A major setback of the programme is the fact that the administrators of the programme have continuously failed to share timely information of the operations of the programme to the general public. This has created public distrust about the programme as many Nigerians now see the NSIP as a front to siphon money. The Special Adviser to the president on social investment, Mrs. Maryam Uwais (who supervised the programme from 2016 to September 2019) in an attempt to defend the programme after several days of public backlash, provided some information to the public. She asserted amongst other things that the programme as of September 2019 benefited 1,491,296 poor and vulnerable households comprising of 6,056,872 individuals in 33 states. Assuming these figures are factual, the reach of the programme is still limited when compared to the number of people living in poverty, so is its efficacy is reducing poverty in Nigeria.
Since the outbreak of COVID-19, Nigeria has witnessed reduced economic activity that has increased the socioeconomic pressures of most Nigerians. Workers in some sectors are being laid off, non essential businesses have been on a halt, restriction on movement also affects the income generating capacity of most and the prices of essential goods and services have been on the rise. With the pandemic still at its peak and the hardship not near its end, the government need to be more strategic in prioritising and implementing social protection programmes in the country. The Federal government has recently turned to borrowing to finance the federal budget which scarcely captures the new reality and the eminent socioeconomic needs of Nigerians.
Rather than plunge the country in debt to cover projects whose impact will not be felt by a majority of Nigerians, the government could revamp and channel funds into social programmes which will not only address poverty and hunger but will also grow businesses and develop capacity especially for persons in the informal sector. This approach will go beyond minimising the impact of COVID-19 to actually promoting inclusive growth and diversification of the economy. As emphasised by the International Monetary Fund, the poor and middle class matter the most for growth through economic and social channels as an increase in the income share of the bottom 20 percent (the poor) is associated with higher GDP growth (IMF, 2015).

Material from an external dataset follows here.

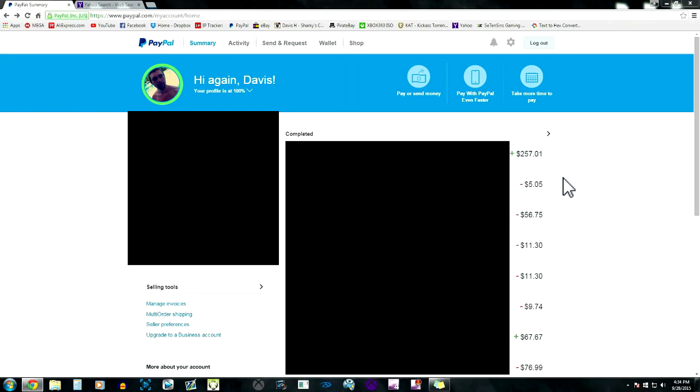Hey guys, what is up, Davis here. Today I'm going to be going over how to basically send money through PayPal and not get scammed, because I've seen so many people get scammed over the internet and I'm really tired of it. I don't like scammers and I'm trying to help people out as best I can.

The NSIP has the potential to tackle the emerging socioeconomic challenges Nigeria is faced with as a result of the pandemic. The programme was designed to address hunger, poverty alleviation, employment creation, child education, agriculture, local production and promotes small and medium businesses. All that government needs to do is prioritise the programme, perfect its method of delivery, adequately fund it and ensure its transparency and accountability.